Failure Modes and Effects Analysis (FMEA) is no doubt one of the more widely used tools in risk management. It originated in American defense services during the 1940s and 1950s timeframe, and over decades made inroads into the U.S. National Aeronautics and Space Administration (NASA), aerospace and other industries. Its utility is only limited by your imagination; I have applied it across the spectrum from vacations to business operations and found that it enables me “see” the 90 percent of the risks that lurk below the water’s surface.
But, you cannot see clearly if tears of grief or pain swell up the eyes. While the FMEA is very useful in failure prevention, it is often associated with much agony as many users struggle to apply it. In this article, I have extracted materials from my upcoming books to discuss three of many reasons why this happens, and what to do about it.
In risk management, several terms* are used on a casual basis — with inadequate understanding or definition. The standards are not of much help either since varying definitions of “risk” occur in different standards – with ISO 9000:2015 referring to it as “the effect of uncertainty.”

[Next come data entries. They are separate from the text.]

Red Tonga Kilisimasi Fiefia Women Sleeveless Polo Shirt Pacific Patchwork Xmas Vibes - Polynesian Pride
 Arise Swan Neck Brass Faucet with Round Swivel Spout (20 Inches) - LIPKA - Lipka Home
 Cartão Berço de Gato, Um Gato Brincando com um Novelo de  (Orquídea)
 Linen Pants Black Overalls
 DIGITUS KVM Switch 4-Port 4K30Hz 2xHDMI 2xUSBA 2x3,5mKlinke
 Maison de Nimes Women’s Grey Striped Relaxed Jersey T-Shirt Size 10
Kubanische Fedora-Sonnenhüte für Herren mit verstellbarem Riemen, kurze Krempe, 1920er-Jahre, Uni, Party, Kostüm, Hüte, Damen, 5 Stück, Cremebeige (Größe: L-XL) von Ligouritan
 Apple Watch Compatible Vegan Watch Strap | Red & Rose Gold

Using terms interchangeably can lead to confusion and faulty analysis. Take the case of mixing up risk level and harm. Risk level is a combination of frequency and severity of a given failure. Harm is more like severity, it is the impact, or an effect from a failure, and it is situation specific.
Think of a boat with a large hole in the bottom versus another one with a small hole. The former will flood and sink quickly. On the other hand, if the latter boat has not one, but many small holes; it will also sink rapidly. Small events occurring in large numbers can and do add up to have the same outcome as a single large event.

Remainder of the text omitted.